Look below for the line with "So the one that's". Retype it and every line after it to the end, exactly, but leave out the pictures.

* [DATA]
--
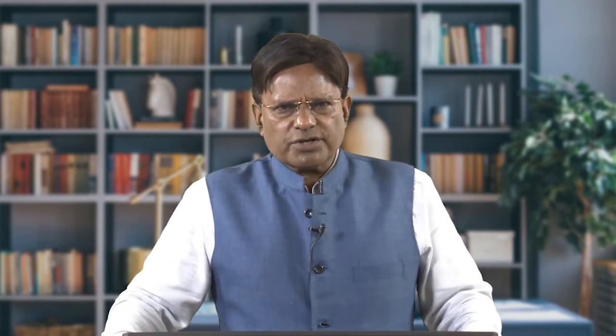The parallax term we know from our background knowledge of optics. This is the apparent change in the relative position of a stationary object caused by a change in the view position. If we change our view position and the object position is also changing with the view position, then parallax is introduced.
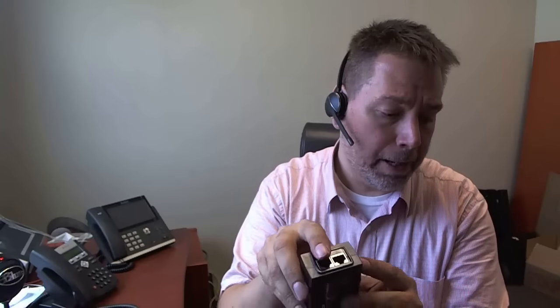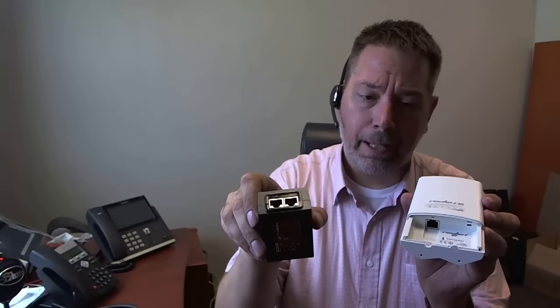So the one that's labeled LAN is what goes to your switch or router or other networking equipment, and then from PoE that's going to connect up to the Rocket M5 LAN connector. So from LAN to PoE.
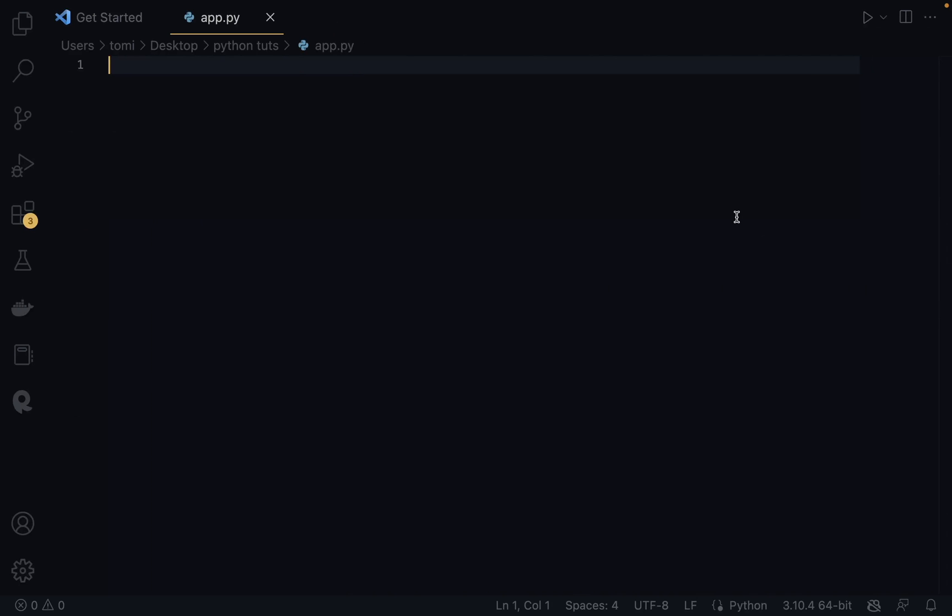We're going to be looking at connecting SQL with Python so we can create and use databases in whatever application we're trying to build. For example, let's say we want to build a demo application that stores customer details and we want to save that to an actual database. We can use SQL with Python to make that possible.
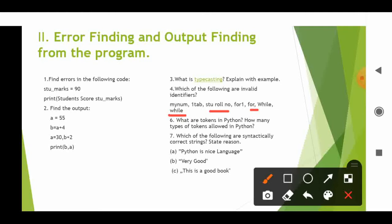Next question: what are tokens in Python and how many types are there? A token is the smallest unit in Python. The types of tokens are: keywords, identifiers, literals, operators, and punctuators. Next question: which of the following are syntactically correct strings? String values should be enclosed within quotes. Option C is wrong because it is not closed with proper quotes. Option B is the only correct answer.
--
* [ANSWER SPACE]
So the one that's labeled LAN is what goes to your switch or router or other networking equipment, and then from PoE that's going to connect up to the Rocket M5 LAN connector. So from LAN to PoE.
We're going to be looking at connecting SQL with Python so we can create and use databases in whatever application we're trying to build. For example, let's say we want to build a demo application that stores customer details and we want to save that to an actual database. We can use SQL with Python to make that possible.
Next question: what are tokens in Python and how many types are there? A token is the smallest unit in Python. The types of tokens are: keywords, identifiers, literals, operators, and punctuators. Next question: which of the following are syntactically correct strings? String values should be enclosed within quotes. Option C is wrong because it is not closed with proper quotes. Option B is the only correct answer.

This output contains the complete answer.